Maintaining an Annual Plan

The quicker you realize that your long term plans depend more on the dynamic of your classroom makeup than anything else, the easier your “teacher life” will become. Honestly speaking, making a plan for the month, 6 weeks, or a term, is like picking the fastest lane when you’re driving during rush hour. You often make decisions to switch lanes based on what you see right in front of you but the ebb and flow of traffic can change every quarter mile. Making timelines and annual plans for curriculum delivery is a practice of optimism. You might plan to get a specific writing unit finished in 6-8 weeks but some years it may take 10 weeks, while in other years, it may take 12. With some classes, that same unit that took 8 weeks last year may only take 4 weeks this year. As a new teacher, you must keep in mind that mapping out units and long-range curriculum plans are simply that: plans. They are estimations, not some authoritative standard that you must live and die by.

You should refer to these plans from time to time to either speed up or take your time within a unit and to refresh your memory on where you want to be by a certain time in the year. But it is absolutely fine if you are not exactly “on track” with your annual plan (read “estimation”). And this is a good thing. Being responsive to your students’ needs means you are not a robot. Effective teachers are those who are receptive to the needs of their students and are sporadic from time to time. This is what gives meaning to school and life in general. I haven’t met one teacher who, by June, can say they have completed everything that they penned into their long-term annual plan back in August. There probably are teachers out there that can stand behind that but I hope that I am never one of them.

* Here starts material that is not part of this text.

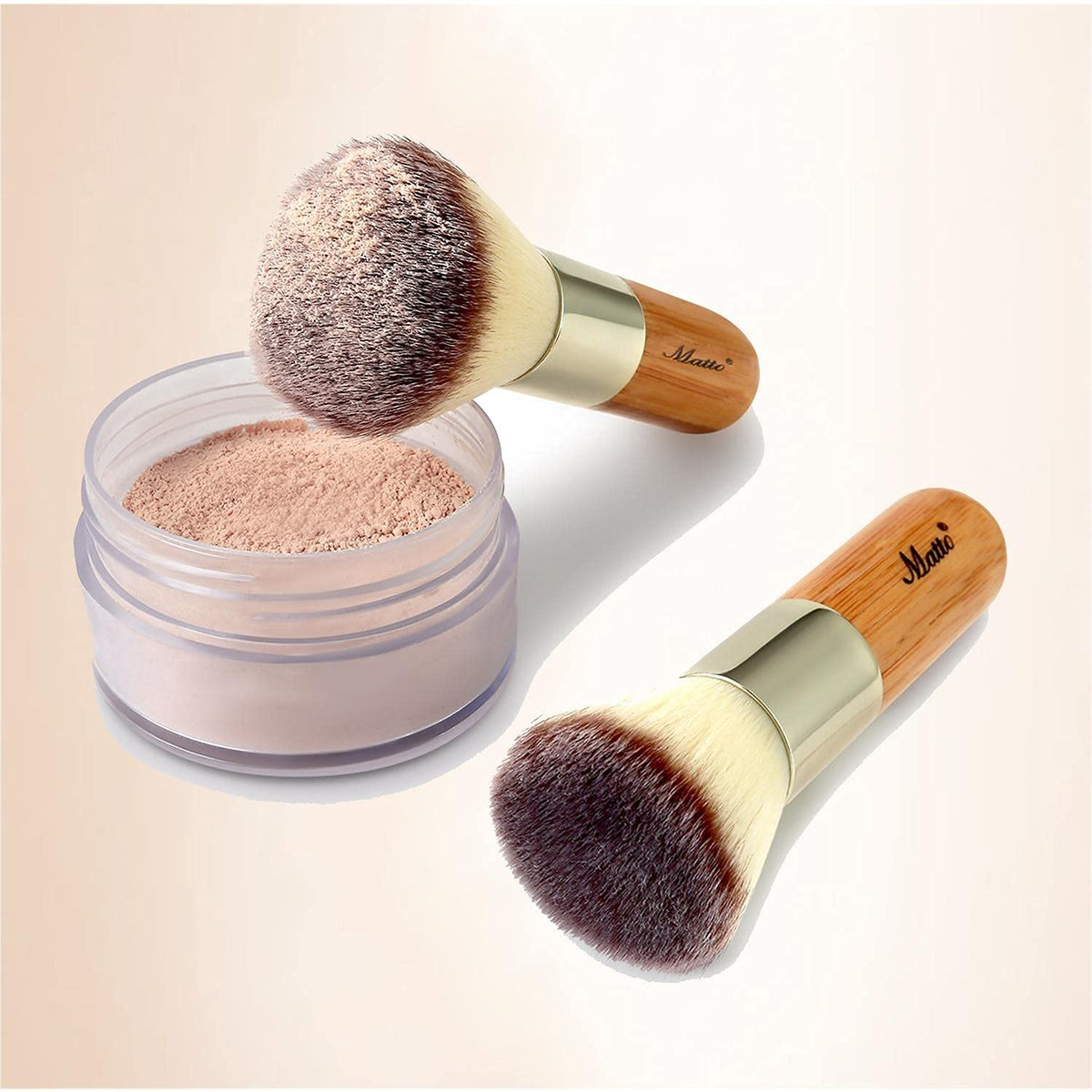 Matto round kabuki head detail with soft fibers for even powder application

Your plans will indeed fluctuate from year to year, solely depending on the makeup of your student body. The abilities, desires, needs, and motivations of your students will determine the speed at which you cover curriculum and develop understanding of the children whom you teach. If you are feeling the stress of being behind where you ought to be in the curriculum, remember who set those mandates. It wasn’t a group of teachers who sat around and came up with appropriate expectations for a school year’s worth of learning. It was more likely a group of bodies far removed from the classroom who decided what should be taught in a course and how long it should take. That is a system set up for inconsistencies. Once you keep that in mind, you can rest a little easier.

“Sticking to the Script?”

At this time, I am about one month behind where I was last year. With the majority of the school year complete, I am two “textbook” chapters behind where I was with the 7th grade geography at this exact time last year. I have really done nothing different from this year to last. In fact, in terms of my teaching delivery, it has almost been a carbon copy. I’ve done almost everything the same: lessons, homework, assignments, tests, study guides, classes, and independent work time. But with a different group of students comes a different result. And as a teacher you should not be too overwhelmed by variance.

Educators must humbly embrace the fact that students will indelibly set the pace of the class’ growth, academically and otherwise. Because we are in the business of working with and educating humans (and not robots), the fabric of your classroom will change from year to year, month to month. For this geography class, I could catch up and be on pace with last year if I amped up the tempo a little bit. But there has to be a valid and authentic reason why this class is two chapters behind at this point in time. So speeding up to make sure that every single year you are at the same spot would do nothing except hurt the authentic learning environment that your students have established and are experiencing. It is important to think about and write your monthly, unit, and yearly plans down. But more importantly, you must trust your instincts on a daily basis. Things always look better on paper but teachers, students and classrooms don’t live on a page. So, learn to live with how things are going as far as pace in your class. Because like many other aspects of the growth of a new teacher, sometimes you just have to go with the flow.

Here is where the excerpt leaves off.